The NVIDIA L40 exposes a 96 MiB L2 cache usually modeled as one uniform pool with a single hit latency. We show this is wrong at the granularity a kernel sees: L2-hit latency depends strongly and reproducibly on which physical streaming multiprocessor (SM) issues the load. A turn-serialized, %smid-resolved probe maps the hit latency across all 142 SMs in one launch; it is not a constant near 279 cycles but spans 222-339 cycles (a 52% range), with per-repetition noise below 0.01 cycles. An additive model $L = \mu + a(\mathrm{sm}) + b(\mathrm{slice})$ explains $R^2 = 0.87$ (0.98 with one rank-1 term), and the SM term is two-fold symmetric (two halves of 72 SMs at correlation $r = 0.999$), following the AD102 GPC layout. Independent access patterns agree per SM at $r = 1.000$, so the effect is physical. The same probe on a Blackwell RTX 5090 shows it generalizes, while the per-die pattern is device-specific.
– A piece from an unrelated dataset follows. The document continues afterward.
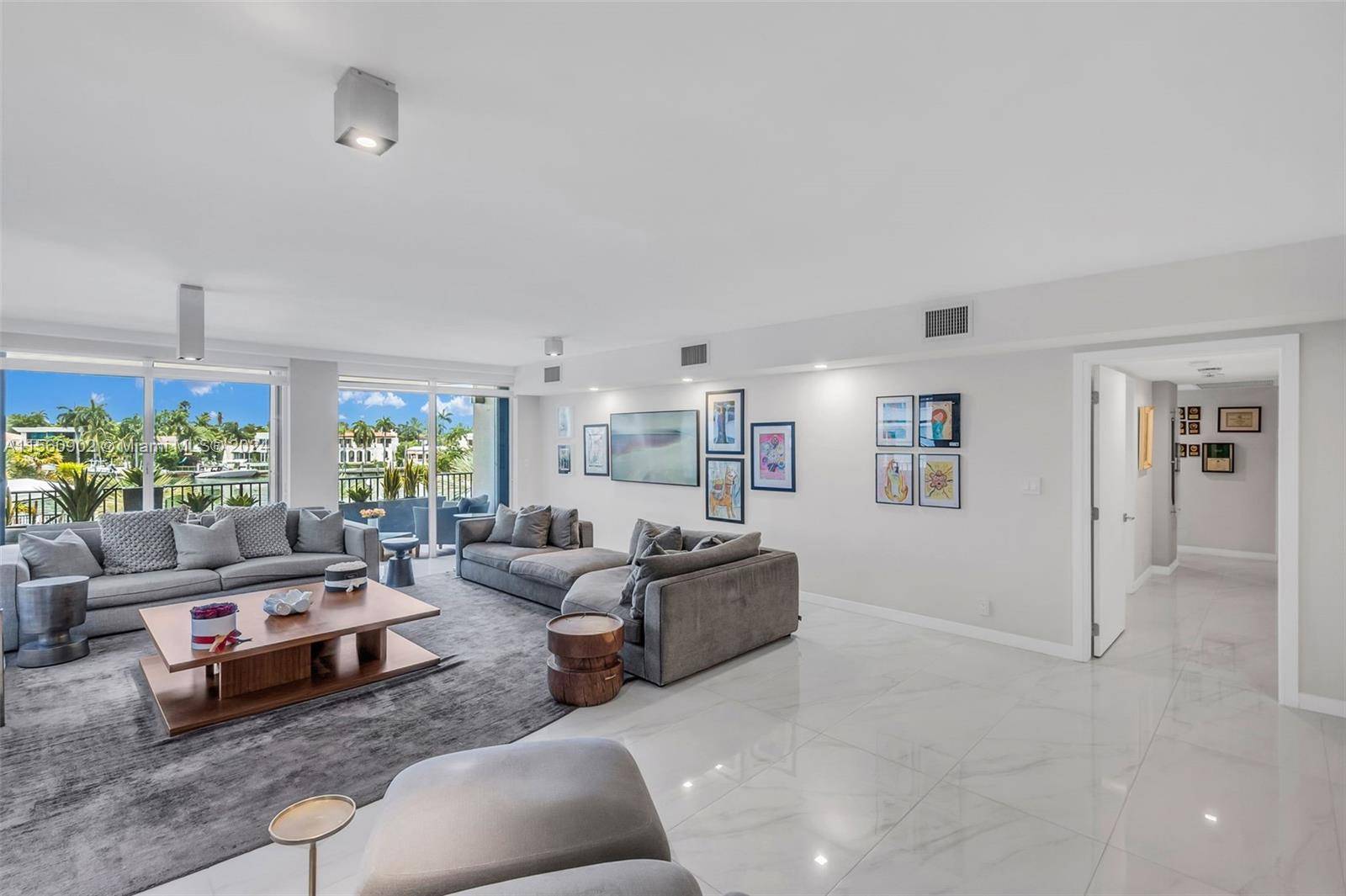 Enjoy this dream oasis in the heart of Miami Beach !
Read as a fingerprint, a single user-level probe identifies the SM within a device at 92%, and two physically identical L40s are separated at 100% despite near-identical mean latency (per-SM map $r = 0.63$): a per-die hardware identity, not a clock artifact. This is a self-localization and fingerprinting primitive: a kernel reads its own placement and device, not a victim's, and extracts no secret data. The map is stable, unchanged after an hour at full utilization on both devices. As a consequence, distributing latency-bound work by the map cuts makespan by up to 11%. Single-thread capacity, line-tag, prefetch-modifier, and persisting-L2 results appear as controls. The artifact contains seeds, raw observations, the trained model, and regeneration scripts.

Editorial analysis

A structured set of objections, weighed in public.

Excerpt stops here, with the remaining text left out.